Nos casos envolvendo pedidos de suspensão judicial de interdições ou embargos, o que normalmente se vê é a utilização da técnica da ponderação de interesses, onde o direito fundamental à vida (inserido no rol dos Direitos Humanos) está sendo sopesado com o direito ao livre exercício da iniciativa privada. Contudo, entendemos que esta lógica conciliatória parece estar sendo objeto de abuso hermenêutico.

Se não é possível a renúncia ou transação conciliatória de direitos individuais, por força do artigo 9º da CLT, em se tratando de direito eminentemente difuso, como o direito ao meio ambiente hígido, a renúncia ou transação apresenta-se ainda mais proibitiva.

Reina na Justiça do Trabalho, porém, a ideia de conciliação, uma tradição que precisa ser analisada criticamente, à luz dos próprios objetivos e princípios de justiça. Sistemáticas pesquisas têm demonstrado que essa estratégia conciliatória representa uma solução precária entre as partes envolvidas, sem qualquer efeito ex ante (pedagógico) perante os demais empregadores, e tem como consequência a perpetuação do mesmo comportamento empresarial e não uma evolução natural para o caminho da legalidade (FILGUEIRAS, 2012, SOUZA, 2013, 2014, FILGUEIRAS, LIMA JUNIOR, 2015).

O que está por trás desta lógica, no nosso sentir, é a submissão tácita ao que se considera o inexorável poder patronal, sendo que este decide quando e como contratar/degradar; como e quando dispensar, regulando ainda todas as etapas da dependência econômica do trabalhador; antes, durante e depois de sua admissão.

Os argumentos adotados em decisões que seguem a lógica aqui exposta parecem corroborar esse direito potestativo empresarial, quando reafirmam que o Poder Judiciário não pode paralisar atividades econômicas potencialmente perigosas, sob pena de demissões coletivas.[20] Supõem, de forma equivocada, que demissões coletivas não podem ser obstadas pela Justiça do Trabalho, quando já existem inúmeros precedentes, inclusive do TST, asseverando a possibilidade de reversão de dispensas em massa.

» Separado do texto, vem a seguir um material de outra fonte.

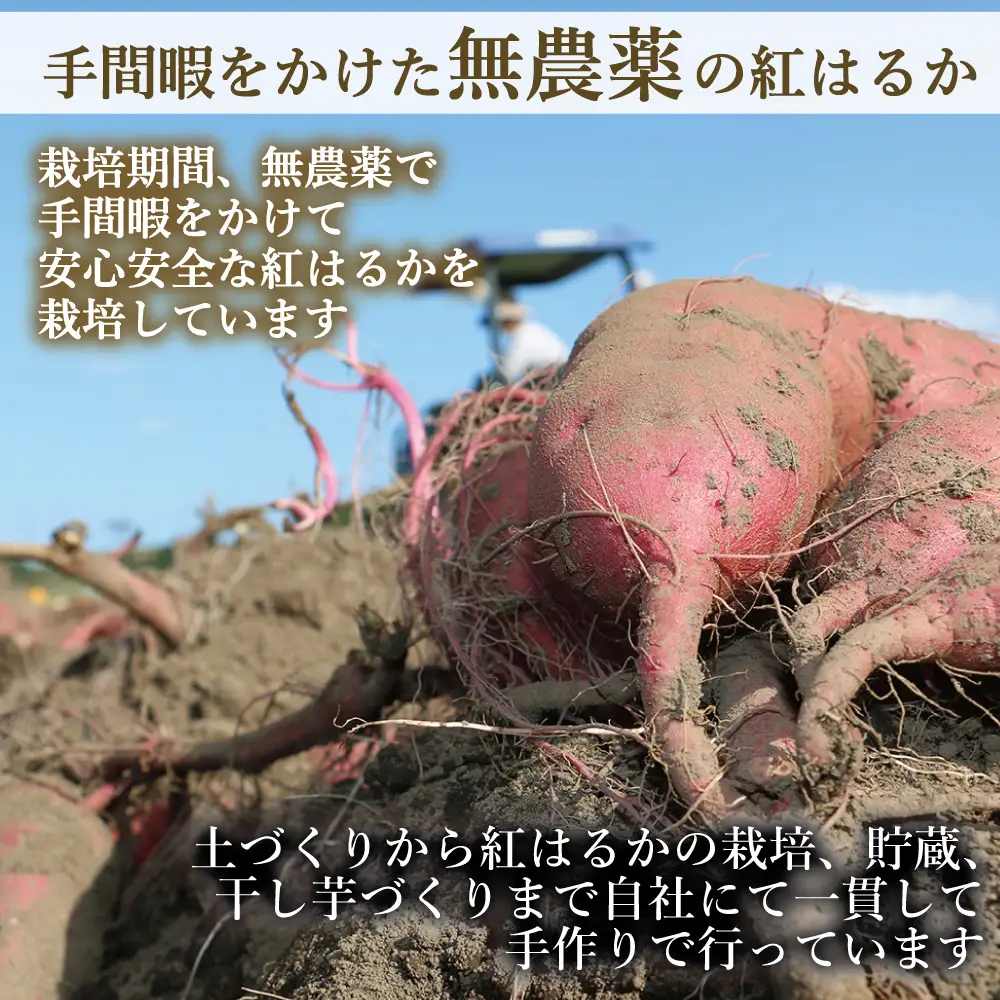 福島産 紅はるか 干し芋 食べ比べセット(平干し200g+皮つき270g)  無添加 ＜2027年1月以降順次発送＞ 新地町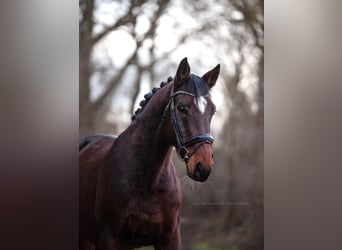 German Sport Horse, Gelding, 10 years, 16,1 hh, Brown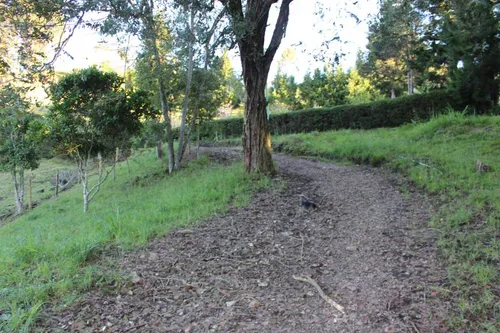 Finca En Venta En Vereda San José. Cod V12871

A propósito,  a lógica de impossibilidade de paralisar determinada atividade para evitar “demissões” não pode ser argumento a ser considerado diante de graves ilícitos que colocam em risco a vida e a saúde do trabalhador, pois em ilícitos estranhos à esfera trabalhista (alguns de gravidade muito inferior, que sequer chega a afetar direitos fundamentais, como alguns ilícitos tributários), de natureza civil e/ou o Judiciário não costuma flexibilizar as interdições administrativas sob o argumento de inviabilizar a atividade econômica do infrator. Não se tem notícias, por exemplo, da liberação judicial de ônibus, caminhões, táxis retidos por autoridades de trânsito ou de estabelecimentos interditados por órgãos sanitários sob o pretexto de evitar desemprego ou sob pretexto de garantir livre exercício de atividade econômica.

Nesse sentido, a jurisprudência da Justiça Comum é implacável. Cite-se, a título ilustrativo, o seguinte julgado:

MATADOURO PÚBLICO - CONDIÇÕES SANITÁRIAS DEFICIENTES - HIGIENE NÃO OBSERVADA - INTERDIÇÃO NECESSÁRIA - ALEGAÇÃO DE CONSEQUÊNCIAS PARA A MUNICIPALIDADE - DESEMPREGO E CRISE NO ABASTECIMENTO- SAÚDE - PREVALÊNCIA DO INTERESSE PÚBLICO MAIOR. As ações e serviços de saúde são de relevância pública, por isso ficam inteiramente sujeitos à regulamentação, fiscalização e controle do poder público. Havendo conflito de interesses públicos, com prova de que o matadouro municipal se encontra em péssima condição de conservação, sendo os animais abatidos sem qualquer fiscalização, em detrimento de condições de higiene e sem prévio exame do animal a ser abatido, deve ser deferida a liminar de interdição até que o município tome as medidas necessárias para afastar o risco a que a saúde pública está exposta, mesmo em detrimento do abastecimento da população e com consequência de desemprego. No conflito de princípios e interesses públicos, deve ser privilegiado o interesse maior da saúde e aquele que leva a uma solução e não aquele que mantém o problema. Cabe a responsabilidade ao município em regularizar rapidamente o problema para resguardar todos os bens em conflito. (TJMG. AGRAVO Nº 1.0522.06.020765-4/001 - Rela. Desa. Vanessa Verdolim Hudson Andrade).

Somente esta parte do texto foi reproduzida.